Even though I’m not a big Mother’s Day enthusiast (my mother was of the Hallmark Holiday persuasion), the Day does make me think about my own rocky relationship with my mother, which evolved later in life. Now that I wrote BEGUILED, I also consider the extent to which Miriam and Ma reflected our relationship.
Young adults usually don’t see their parents as people in their own right. They’re still caught up in the adolescent need to differentiate. Mothers promote that by continuing to act like moms, reminding their adult children to dress warm(ly) in winter, get rest, and do the things that will bring them (moms) a feeling of pride.

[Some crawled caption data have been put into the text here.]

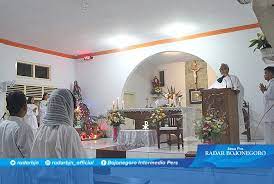 Pt.sunan drajat lamongan, kabupaten lamongan. Gelar Misa Dua Kali
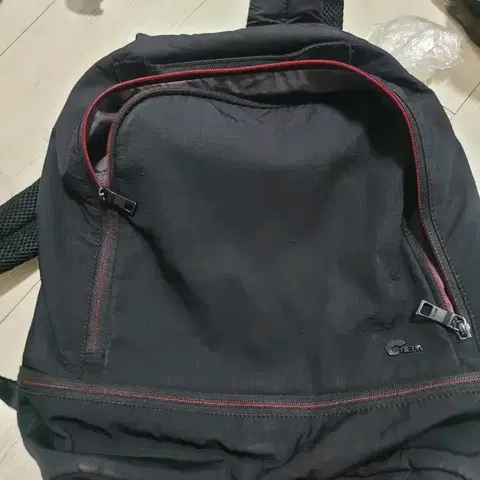 네파 NEPA 블랙 백팩 가방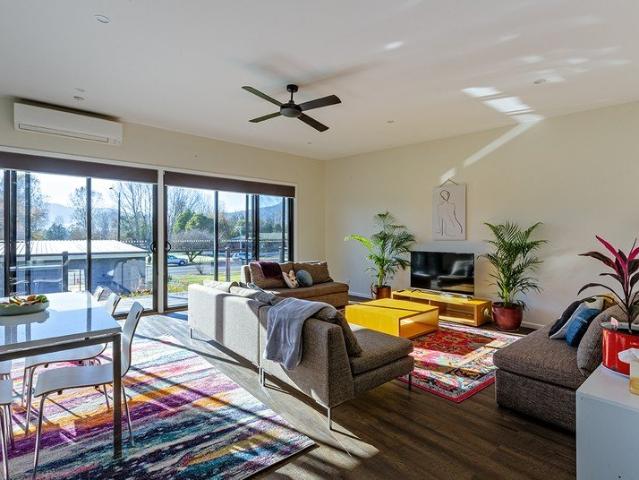 Townhouse for rent in Mount Beauty, Victoria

I just read a hilarious article about 90-year old “helicopter moms,” one of whom called the Board of Education to tell them not to work her daughter so hard. The daughter was a principal of the local high school.

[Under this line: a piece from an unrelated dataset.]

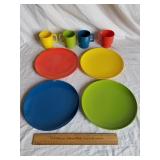 Vintage Plastic Dining Picnic Set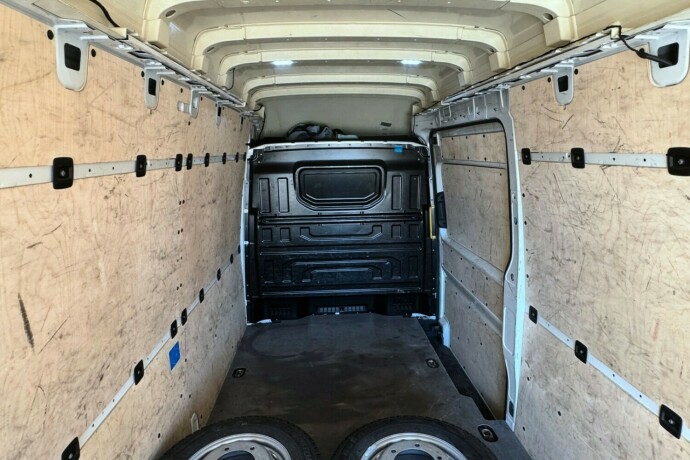volkswagen-crafter-diesel-2019-big-35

Miriam’s mom was not a helicopter mom. But, she was critical, judgmental, and Miriam spent her youth defending herself against Ma’s derogatory comments. And Miriam never knew whether Ma would be her ally, her advocate, but especially wondering if Ma really loved her (since she was a girl, not the sought after son). This is a central dyad in the story, one that gets resolved in the end, but reminds us that it only occurs when we (adult daughters) can learn to see our moms as people who suffered and raged and loved and disappointed… as real people with a history. If we never see our moms as people with a history, then they forever are frozen as stick figures who cannot change.
I hope that readers will come to see Ma as a sympathetic character, one with a history and the capacity to love, even her daughter.